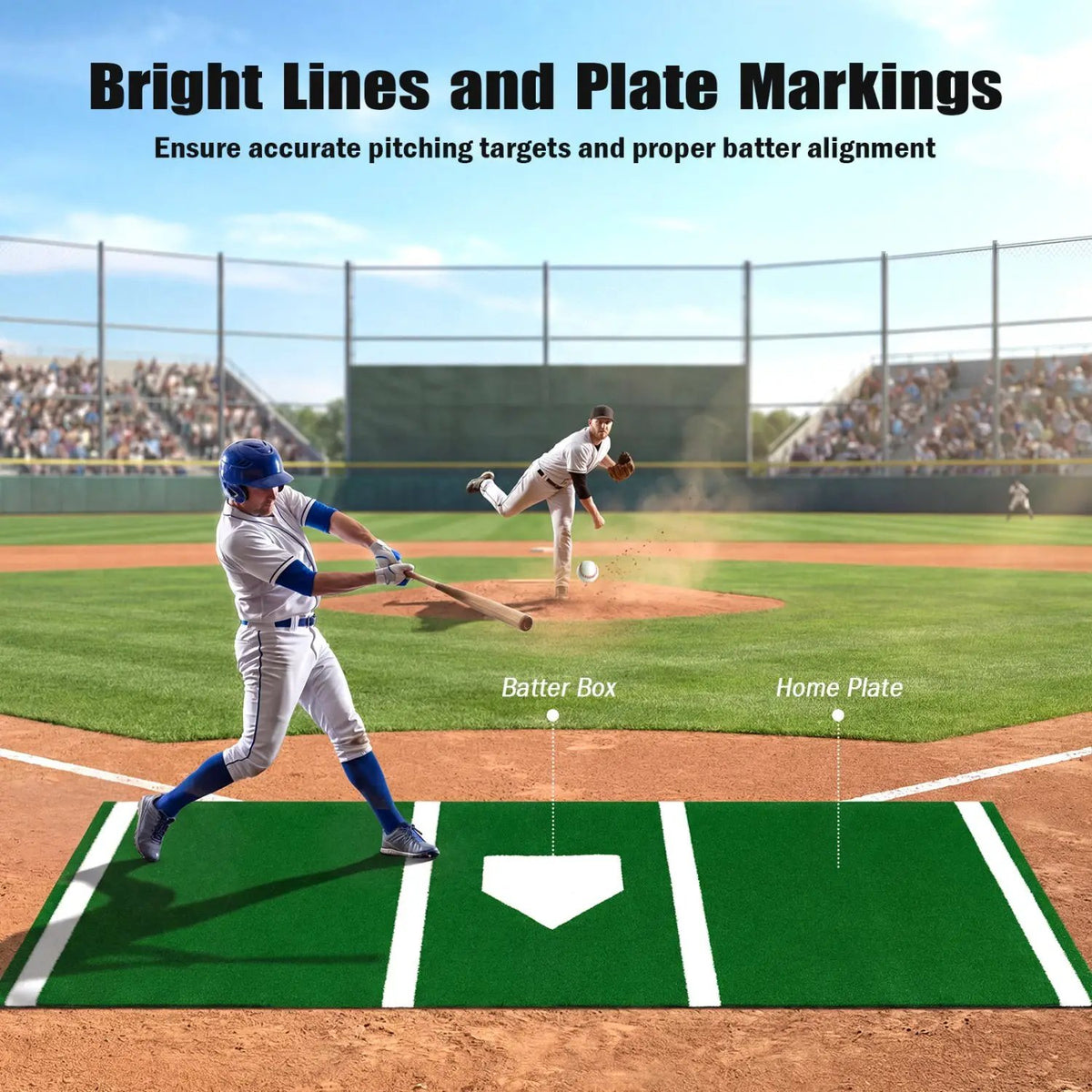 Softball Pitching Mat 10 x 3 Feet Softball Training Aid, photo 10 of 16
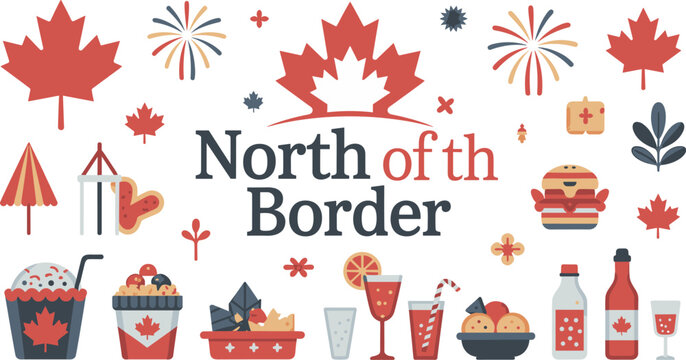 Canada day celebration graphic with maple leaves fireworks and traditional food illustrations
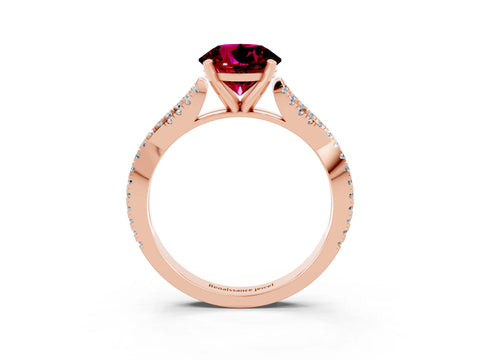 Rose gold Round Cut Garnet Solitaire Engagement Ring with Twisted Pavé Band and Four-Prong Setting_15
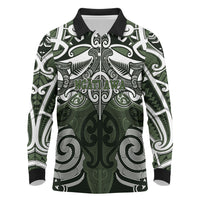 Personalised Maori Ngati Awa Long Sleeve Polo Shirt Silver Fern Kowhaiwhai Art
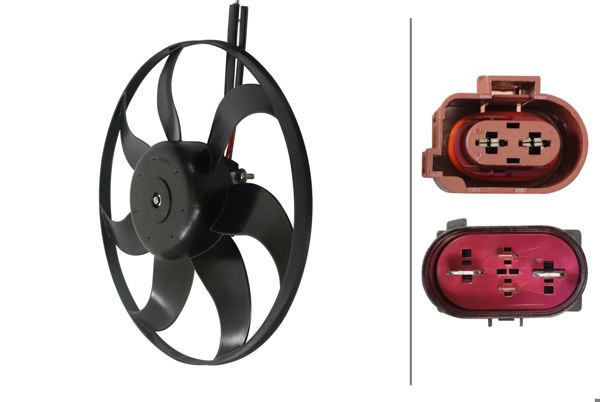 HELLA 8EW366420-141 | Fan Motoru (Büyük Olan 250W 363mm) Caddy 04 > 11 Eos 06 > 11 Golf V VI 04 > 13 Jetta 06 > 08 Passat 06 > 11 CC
--
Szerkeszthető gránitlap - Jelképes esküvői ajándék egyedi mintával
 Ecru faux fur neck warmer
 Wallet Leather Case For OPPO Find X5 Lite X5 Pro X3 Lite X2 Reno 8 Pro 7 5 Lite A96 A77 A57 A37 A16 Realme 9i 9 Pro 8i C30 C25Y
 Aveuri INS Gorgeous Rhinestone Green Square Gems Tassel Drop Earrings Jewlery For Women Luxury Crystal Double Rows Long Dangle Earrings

**Exercise instructions**
All lines in the listing above from the line containing "Ecru faux fur neck warmer" to the line containing "Aveuri INS Gorgeous", inclusive, should be retyped exactly; no other lines should appear.

**Reply**
 Ecru faux fur neck warmer
 Wallet Leather Case For OPPO Find X5 Lite X5 Pro X3 Lite X2 Reno 8 Pro 7 5 Lite A96 A77 A57 A37 A16 Realme 9i 9 Pro 8i C30 C25Y
 Aveuri INS Gorgeous Rhinestone Green Square Gems Tassel Drop Earrings Jewlery For Women Luxury Crystal Double Rows Long Dangle Earrings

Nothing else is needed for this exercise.